全麻对婴幼儿神经发育的影响广受关注，然而其机制远未阐明。研究发现海马突触结构和功能发育异常参与认知行为损伤。我们前期研究亦发现重复七氟醚暴露导致海马锥体神经元兴奋性突触结构及功能异常，提示海马锥体神经元兴奋性突触发育异常可能是认知障碍的发生原因，但海马兴奋性突触发育异常的特征与机制，及在认知障碍中的作用仍需深入研究。同源结构域相互作用蛋白激酶2（HIPK2）作为转录因子和信号转导子可调节Wnt/β-catenin通路，抑制细胞增殖和存活，而经典的Wnt通路被证实参与兴奋性突触的发育和成熟。因此，本项目拟以幼鼠重复七氟醚暴露模型为基础，综合应用神经发育、电生理、化学遗传等技术，系统研究七氟醚暴露致海马锥体神经元兴奋性突触结构和功能发育异常，并探讨其分子机制，为进一步阐明全麻的复杂机制提供支持，最终为安全实施小儿麻醉提供理论依据。

The influence of general anesthesia on neurodevelopment of infants and young children is becoming a heath problem which attracts public attentions. However, the underlying mechanisms are far from being elucidated. Several studies have suggested that synaptic structure and function abnormalities involving in the hippocampus cognitive impairment.
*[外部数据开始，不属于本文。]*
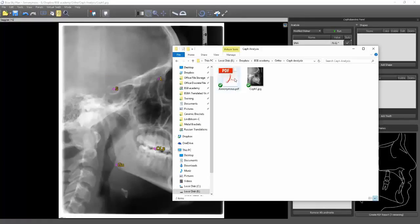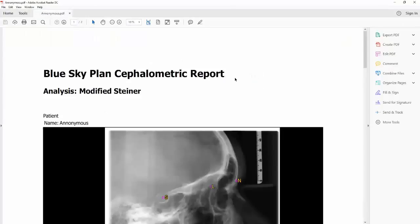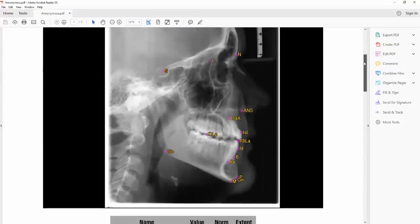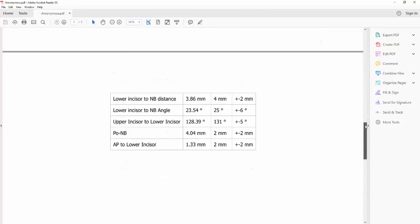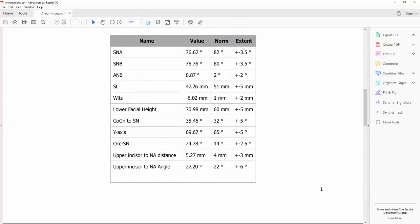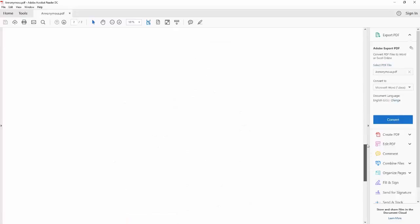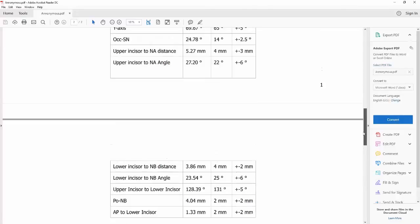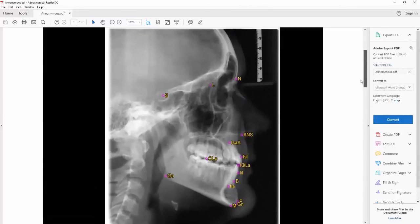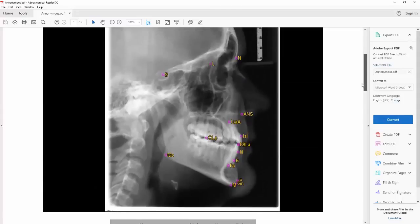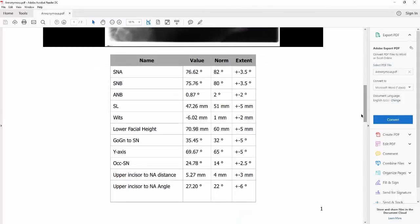Here is the PDF that's created. Let's open this up. We can scroll down here and see all of the various numbers with the norms and the standard deviations. Pretty straightforward. Each analysis is going to be a little different, of course. But here's your PDF — you can attach it to your patient chart or whatever you want to do and proceed with your treatment planning.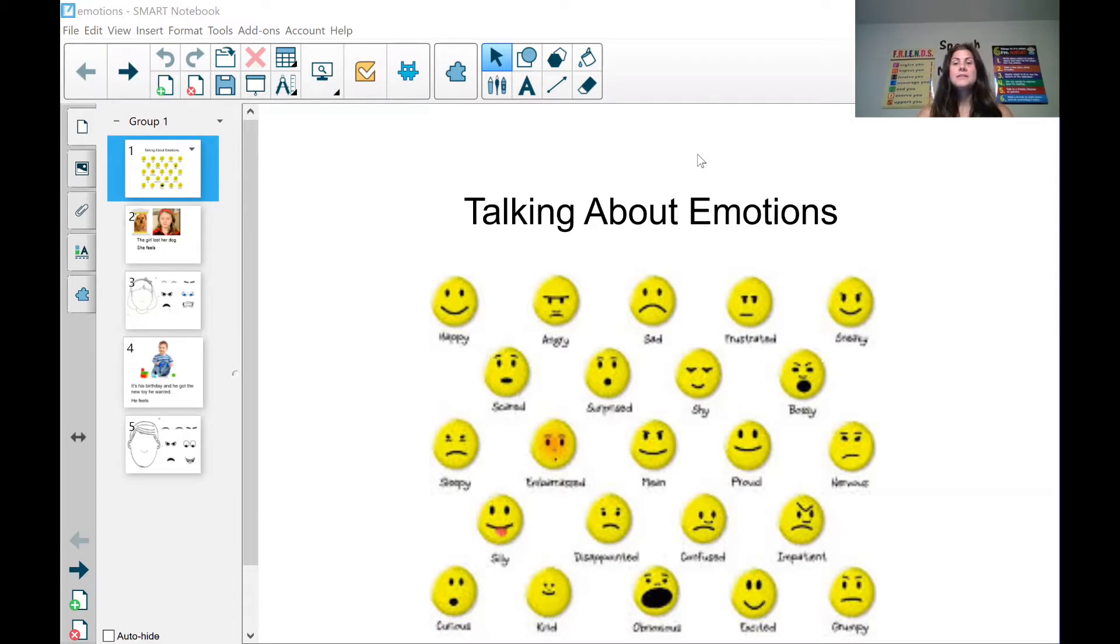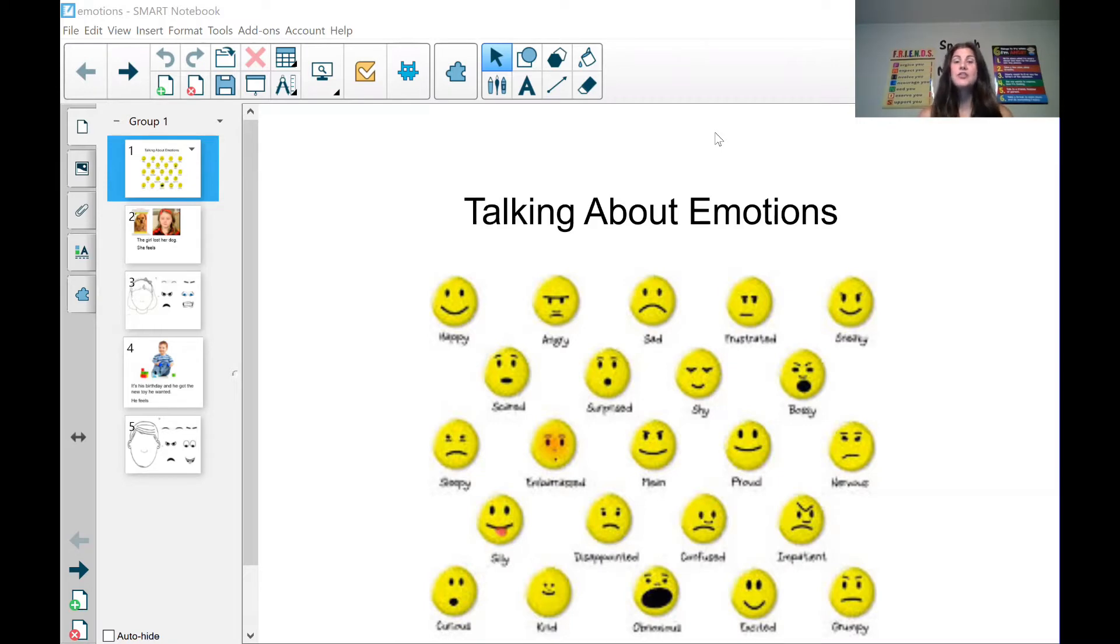So today we're going to continue to learn about emotions. It's important to understand one's emotions and others' emotions so we know how to behave in different situations.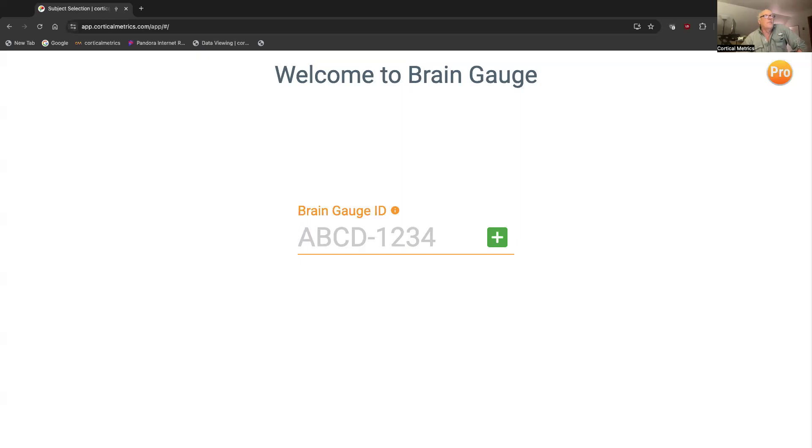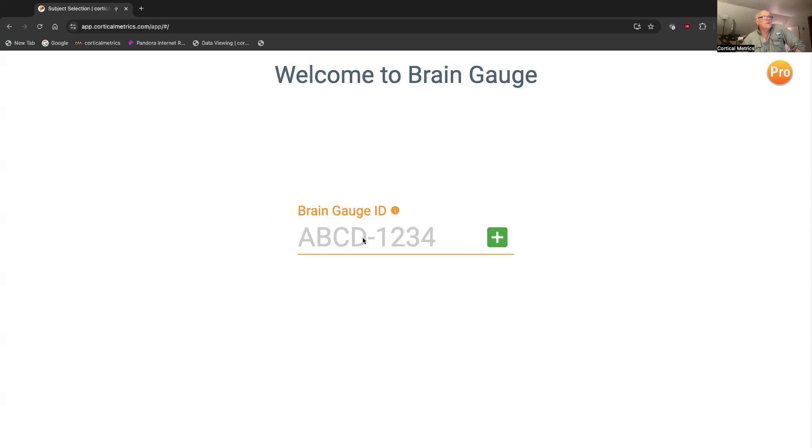When you first open the BrainGage app, the first thing that pops up is a welcome to BrainGage. And then the first question is, what is the BrainGage ID? And you wonder, what does that mean?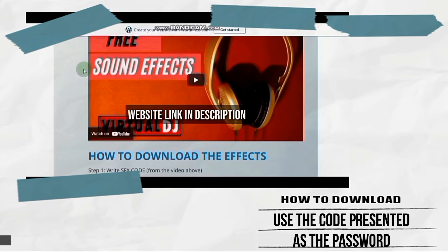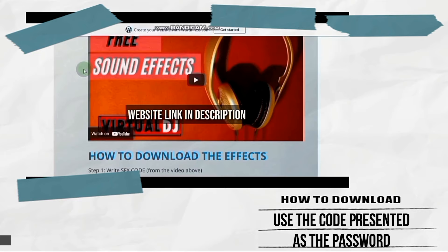First, write down the code for the effect you want to download. Now go to our website and click on the button for the effect you want. When asked for the password, type the code you wrote.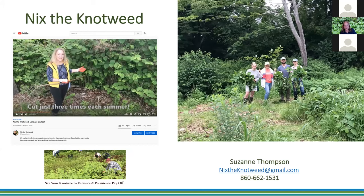I obsess a lot about knotweed, but it's honestly a very enjoyable social activity. No thorns, no itchy sap. It is a food crop, and it's a pleasant experience working together, coming back and seeing what does come back. As we start having seeding parties in the second and third year, we move on to learning about the native plants that we should be adding back in.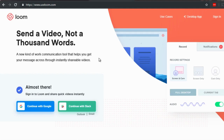Those are the three options — OBS, GoToWebinar, and Loom — depending on the avenue you want to take. Create a longer video, but don't just create any content. Make sure the content is valuable so people watch all the way through, or at least watch about 50 percent.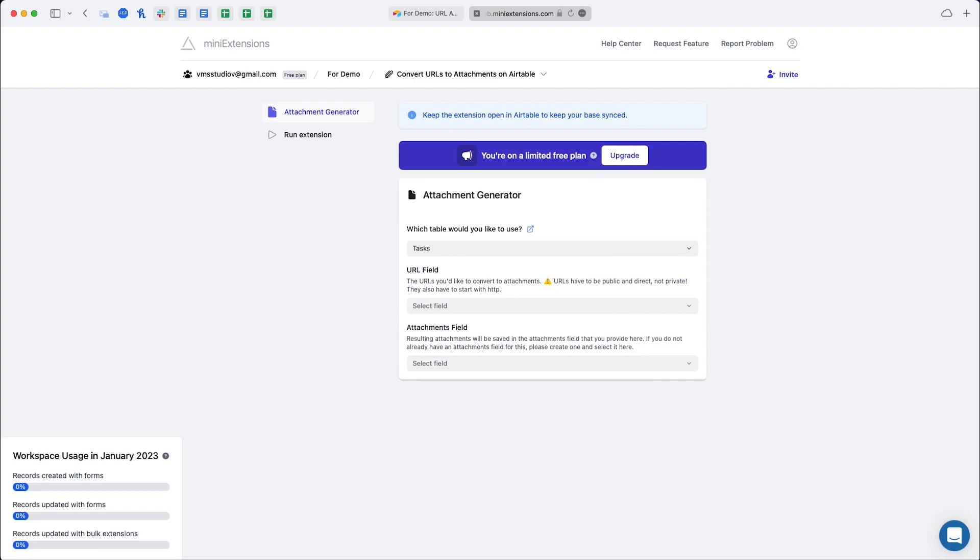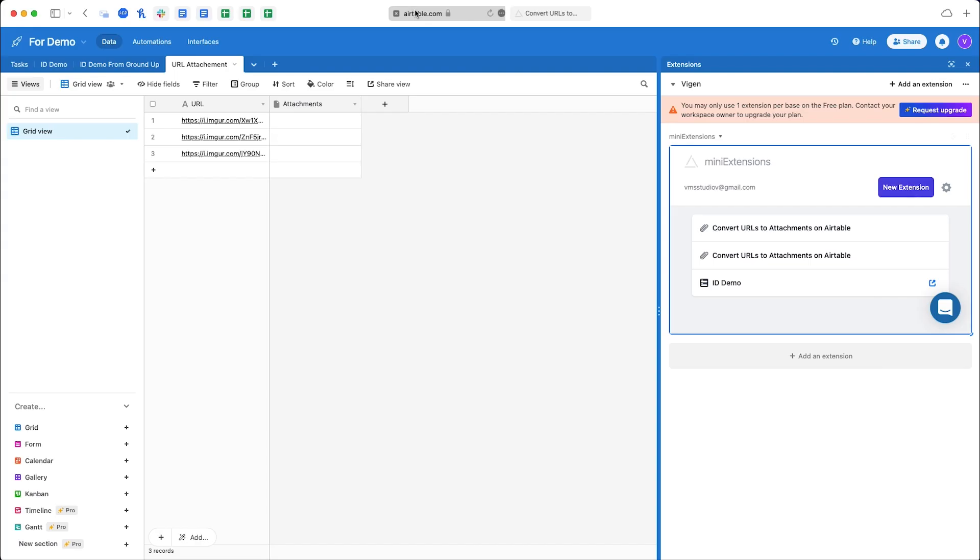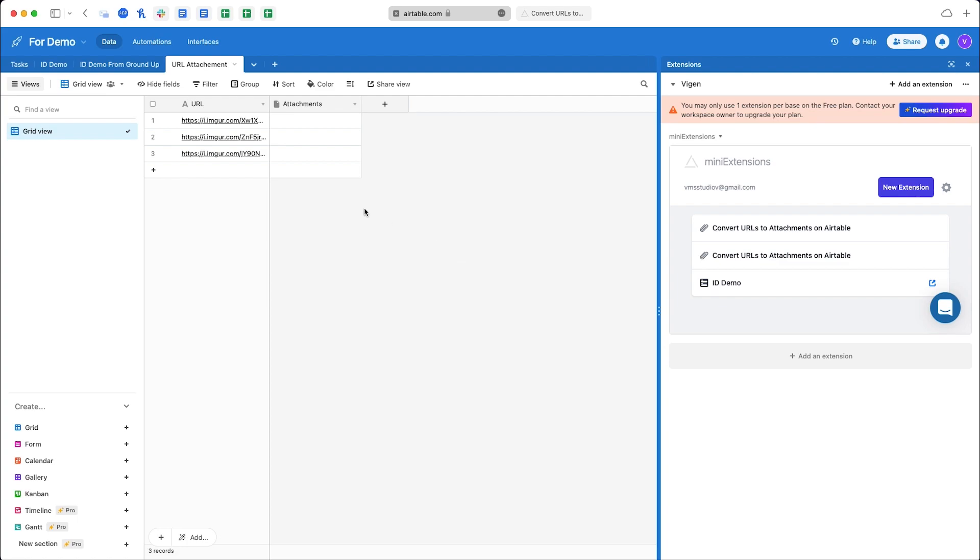Hello and welcome to mini extensions. In this video we'll be looking at the convert URLs to attachments on Airtable extension. To get started, basically what it does is it will take your list of URLs and it will attach the actual images into your Airtable so you don't have to download and then upload them manually.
Our preliminary research found that neonatal exposure to Sevoflurane induce the abnormality of excitatory synaptic in hippocampal pyramidal neurons, which suggested that cognitive dysfunction may be caused by the developmental abnormality of excitatory synaptic in hippocampal pyramidal neurons. However the characteristics and mechanisms of developmental abnormalities of hippocampal excitatory synaptic and their roles in cognitive dysfunction still need to be further studied. As the transcription factor and the signal transducer, homeodomain interacting protein kinase 2(HIPK2) can regulate the wnt/beta-catenin signaling and inhibite cell proliferation and survival. And Wnt pathways have been confirmed to participate in the development and maturation of excitatory synapses. Based on the neonatal sevoflurane inhalation model, the present study aims to observe the detailed developmental changes and reveal the molecular mechanisms in excitatoy synaptic, combining with multiple techniques including neurodevelopment, electrophysiology and chemogenetics. Meanwhile our study could provide further support for the clarification of mechanisms underlying general anesthetics-induced neurodevelopmental disorder and ultimately provide a theoretical basis for improved clinical pediatric anesthesia.